Glenn Hiller wasn't surprised by the scattered screams and cuss words he heard after he heckled President Bush at a rally in West Virginia on Tuesday.

But the Berkeley Springs, W.Va., resident never expected what happened the next morning, when he was fired from his $35,000-a-year job as a graphic designer.

He said his boss at Octavo Designs, a Frederick-based advertising and design company, told him he had embarrassed and offended a client who provided tickets to the rally.

"She told me my actions reflected badly on the company," Hiller said. He said he had worked at Octavo for five months.

Hiller, 35, said he waited for lulls in the president's speech to shout questions and comments challenging what he called "half-truths" in Bush's statements. He said he asked Bush about the benefits of outsourcing jobs, justifications for the war in Iraq and inspectors' inability to find weapons of mass destruction there.

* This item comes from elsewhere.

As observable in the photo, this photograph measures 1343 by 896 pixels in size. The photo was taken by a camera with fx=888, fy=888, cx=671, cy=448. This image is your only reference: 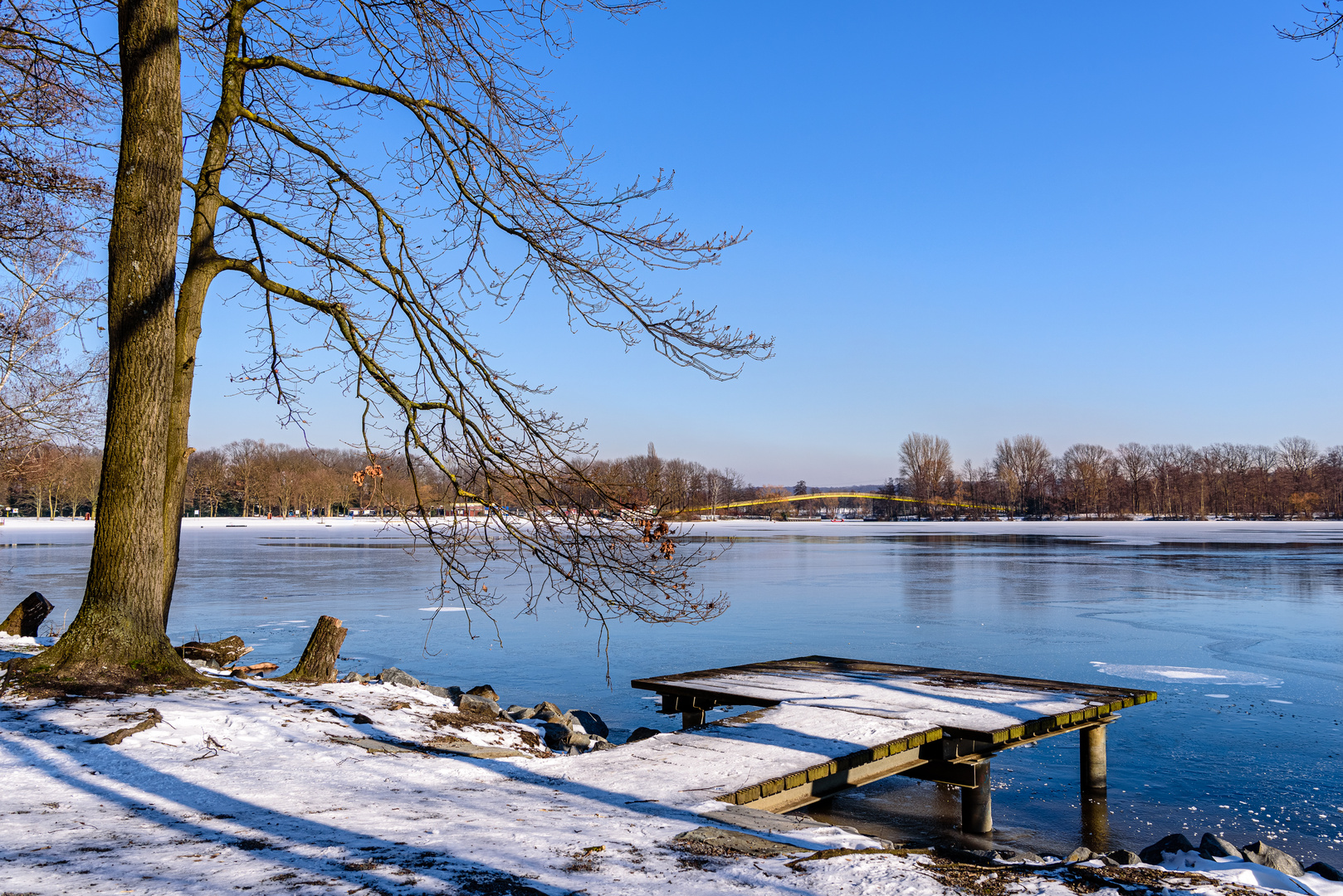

He said that at one point, he shouted, "Would you sacrifice your daughters to liberate Iraq?"

Hiller said he then was escorted from the event at Hedgesville High School in Berkeley County, W.Va., and was threatened with arrest by campaign workers.

Hiller's boss at Octavo, Sue Hough, could not be reached for comment yesterday.

But Sandy Sponaugle, who gave Hiller the ticket for the restricted event, said his behavior was out of line and made the crowd uncomfortable.

"All I thought was it's not the time or place to be disrespectful of the president of the United States," said Sponaugle, whose public relations company has worked closely with Hiller and Octavo Designs. She said Hiller's behavior has put her own work in jeopardy.

The morning after the rally, Hiller said, he came to work and "there was just tension in the air." Hough told him his behavior was "unacceptable" and asked him to leave, he said.

Hiller said he doesn't regret what he did Tuesday and said he would do it again.

"I didn't do anything wrong," he said. "I wasn't a mindless heckler."

He said he was motivated by how Bush is "pulverizing" society and making people believe "that if somebody disagrees with you, they are bad." He also criticized rallies where tickets are required to attend.

"It's a completely scripted speech in a controlled environment where nobody but those who support him [is] allowed in," he said.

Hiller has two children, ages 15 months and 3 years, and he said he has interviews lined up in his search for a new job.

As for Sponaugle, she isn't surprised Octavo fired Hiller.

"In any business, you can't jeopardize client relationships," she said. "You can't be a small business and have your clients wondering what you're going to do next."